I was a middle child, a girl bracketed by two wild and boisterous boys. Is it any wonder I became a tomboy?

I sacrificed for being an interloper. My brothers, when they got BB guns for their birthday, played cowboys and Indian with me. My back got peppered with fiery red spots, like angry pimples, as I ran across the meadow and raced up the mountainside by our summer vacation home.

I received my first black eye from my older brother. He was the rule enforcer when our parents were gone, but they were his rules rather than the family rules, and I did not believe he would actually hit me for changing the television channel. To his credit, he was mortified--or maybe frightened of what our father would do to him when he got home--and immediately retrieved frozen hamburger to put on the swelling and declared I could watch any TV show I wished. The next day I told my classmates I'd run into a door, but my sixth grade teacher saw through the ruse and asked quietly, "Which brother socked you?" I responded with silence, for I'd already learned that sacred tenet of boys: never squeal.

I considered the sacrifices exchanged for the excitement of young male life worthwhile. I still remember our firecracker fights--the acrid smell, the exploding flashes that lit the night, the agonizing screams when a firecracker went off in someone's hand.

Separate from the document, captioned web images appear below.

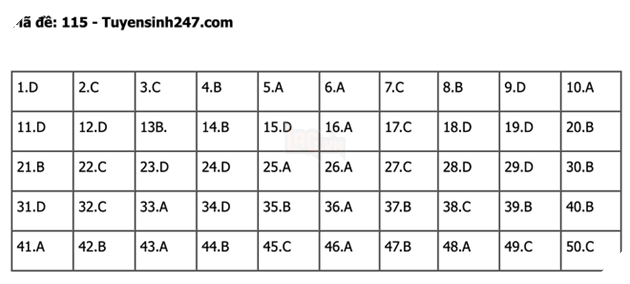 undefined - Ảnh 1.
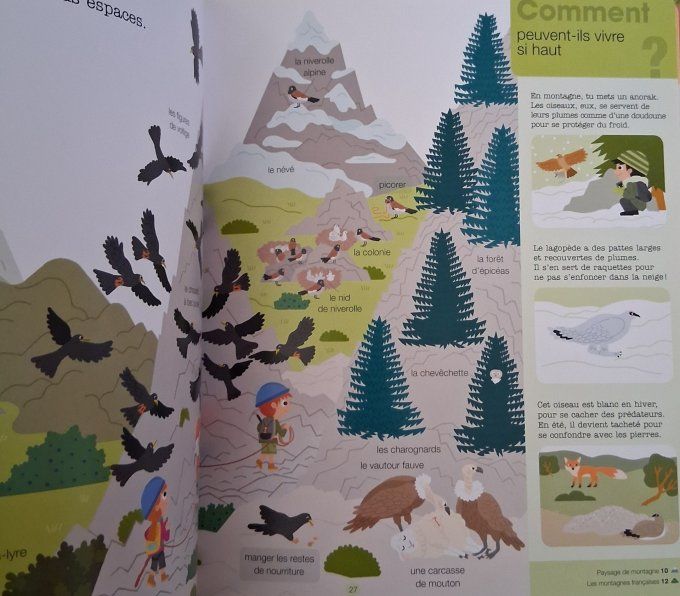 Mes années pourquoi, la montagne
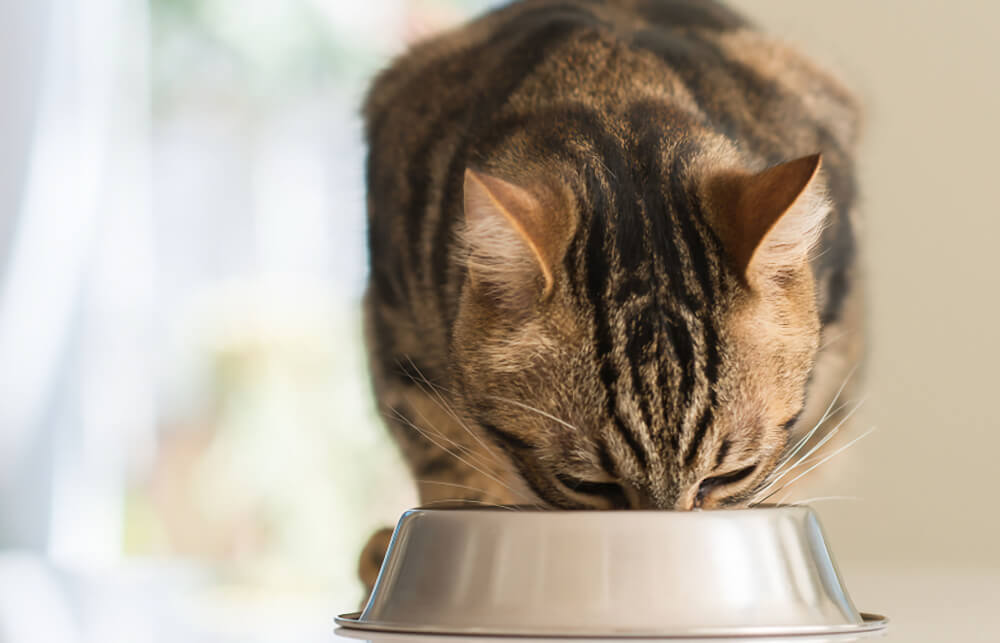 Tabby cat eating from a stainless steel bowl, representing pet nutrition services in San Diego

Of course life with the boys wasn't all physical violence. I learned to whistle through a blade of grass. I learned to build an Army fort with tree branches and quilts my grandmother made--my mother never forgave us for leaving them out all summer in the humidity until they rotted. I learned to build a pinewood soap box derby car with roller skates for wheels and race fearlessly downhill in front of the college, successfully maneuvering the hairpin curve near the finish line. I learned to cuss. Raw, raunchy, crude. But not within earshot of an adult.

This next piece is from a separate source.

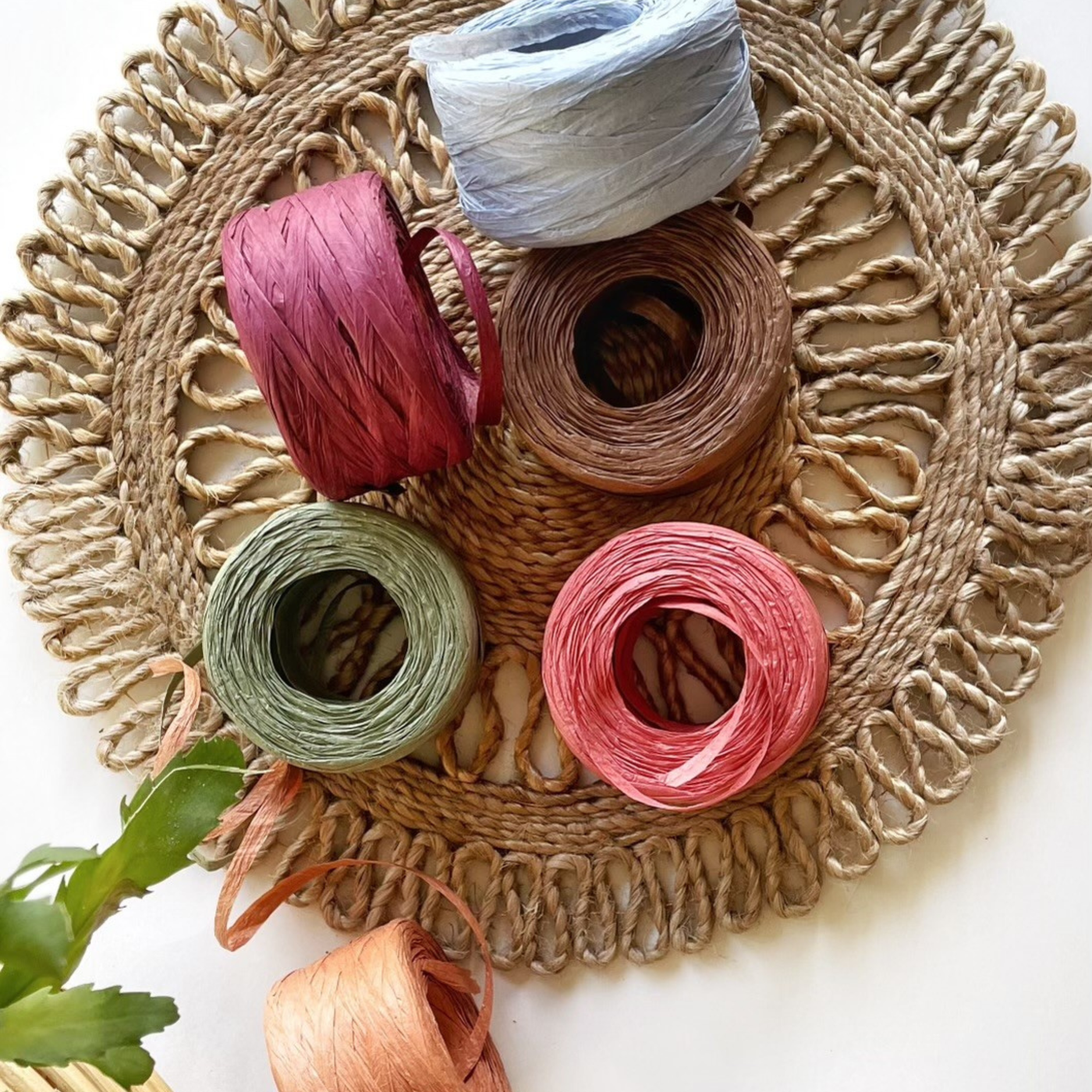 Raffia Ribbon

I learned to follow my brothers along Town Creek, from the museum at Sam Houston Park to the gully beside our home. We hid in the culverts and watched dragonflies skim the water and tadpoles scurry like ants just beneath the surface. In the cool shade, we listened to cars and trucks driving by and delighted in our privacy.

At my request, my older brother taught me to smoke. I was fourteen and had just finished the eighth grade. It took me twenty-one years to kick the habit.

I eventually outgrew my tomboy-ness and left behind many of those habits. I can't whistle worth a damn anymore. There is a silver lining, though. I can write with some authority from the male point of view.